● **What you are asked to do**
Word for word, give every line of the listing again.

● **Source material**
┌────────
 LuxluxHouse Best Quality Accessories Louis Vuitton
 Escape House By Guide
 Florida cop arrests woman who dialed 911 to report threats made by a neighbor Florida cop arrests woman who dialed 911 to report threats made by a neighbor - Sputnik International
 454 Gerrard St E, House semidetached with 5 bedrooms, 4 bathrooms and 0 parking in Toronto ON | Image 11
└────────
● **Result**
 LuxluxHouse Best Quality Accessories Louis Vuitton
 Escape House By Guide
 Florida cop arrests woman who dialed 911 to report threats made by a neighbor Florida cop arrests woman who dialed 911 to report threats made by a neighbor - Sputnik International
 454 Gerrard St E, House semidetached with 5 bedrooms, 4 bathrooms and 0 parking in Toronto ON | Image 11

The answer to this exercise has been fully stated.